- **TASK REQUIREMENTS**
Reproduce exactly the lines from the one containing "Wing Chun Bil" through the end of the entries, including both. Drop the pictures.

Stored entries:
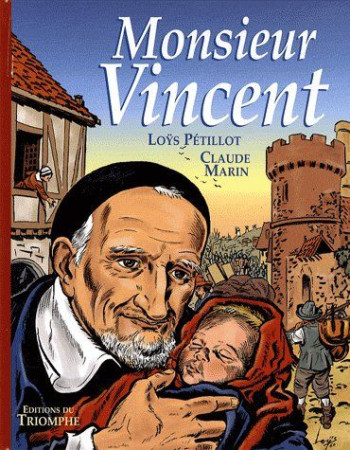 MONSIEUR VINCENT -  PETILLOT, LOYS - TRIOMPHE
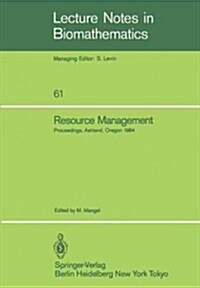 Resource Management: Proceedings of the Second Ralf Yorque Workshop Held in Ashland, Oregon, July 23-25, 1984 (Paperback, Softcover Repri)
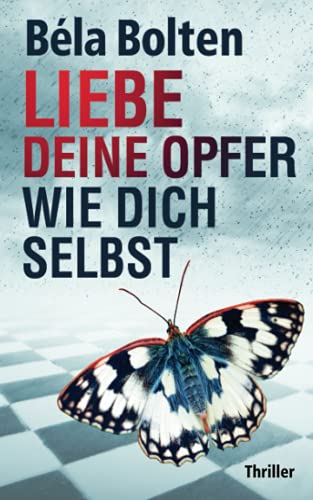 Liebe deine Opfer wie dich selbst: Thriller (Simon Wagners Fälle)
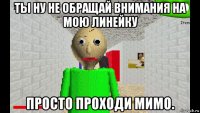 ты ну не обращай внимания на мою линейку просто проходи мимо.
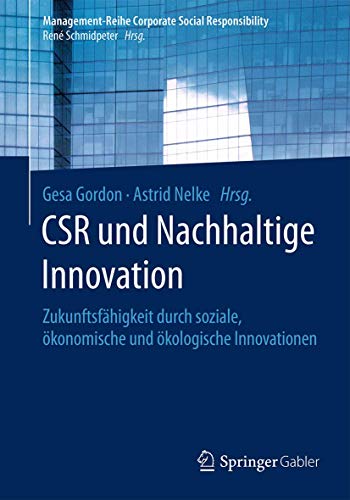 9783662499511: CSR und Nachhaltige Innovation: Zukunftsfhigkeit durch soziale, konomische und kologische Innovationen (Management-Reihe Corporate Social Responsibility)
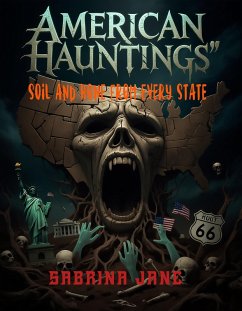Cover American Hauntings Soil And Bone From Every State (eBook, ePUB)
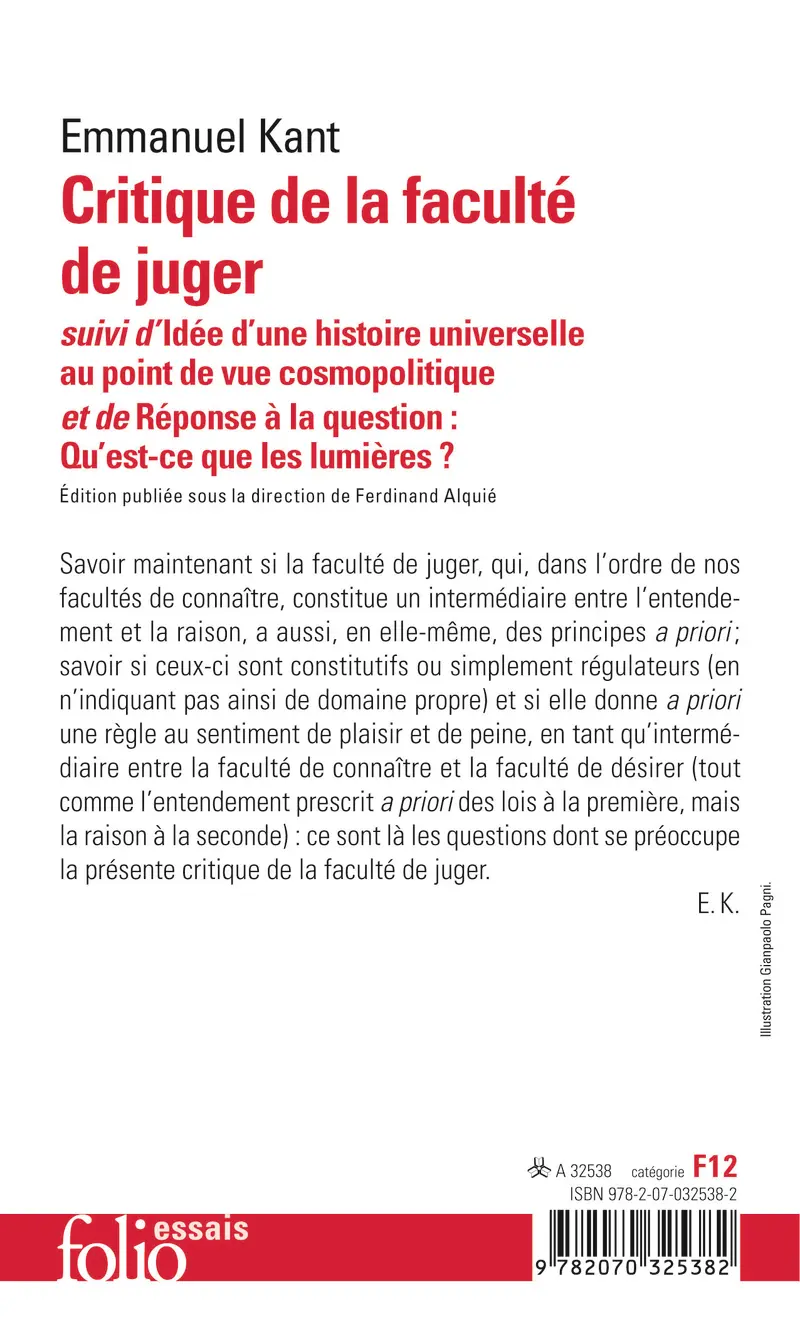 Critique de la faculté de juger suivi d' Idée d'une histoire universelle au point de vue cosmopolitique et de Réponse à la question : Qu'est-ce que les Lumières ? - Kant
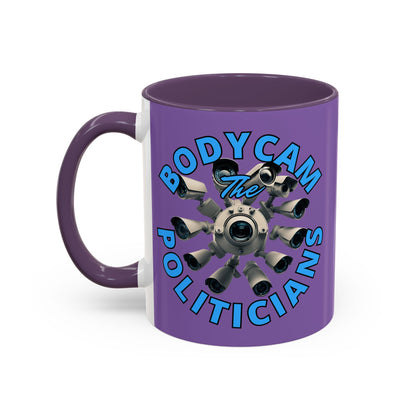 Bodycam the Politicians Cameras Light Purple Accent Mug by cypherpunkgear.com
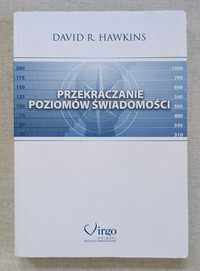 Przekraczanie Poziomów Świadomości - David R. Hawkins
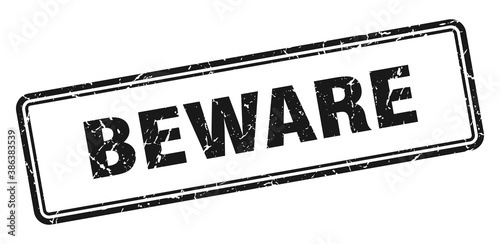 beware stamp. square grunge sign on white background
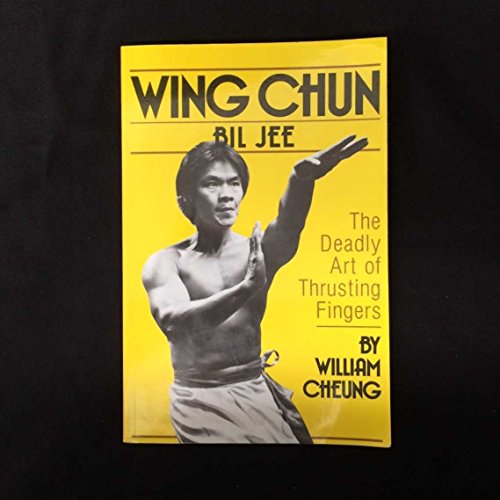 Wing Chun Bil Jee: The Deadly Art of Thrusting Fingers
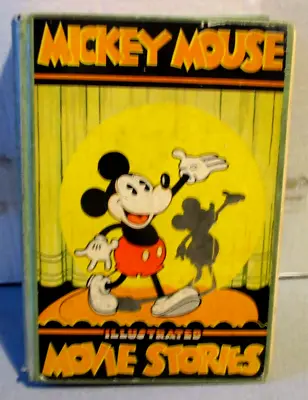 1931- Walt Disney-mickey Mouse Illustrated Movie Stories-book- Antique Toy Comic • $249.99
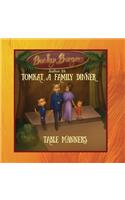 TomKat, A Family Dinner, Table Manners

- **SOLVED EXERCISE**
 Wing Chun Bil Jee: The Deadly Art of Thrusting Fingers
 1931- Walt Disney-mickey Mouse Illustrated Movie Stories-book- Antique Toy Comic • $249.99
 TomKat, A Family Dinner, Table Manners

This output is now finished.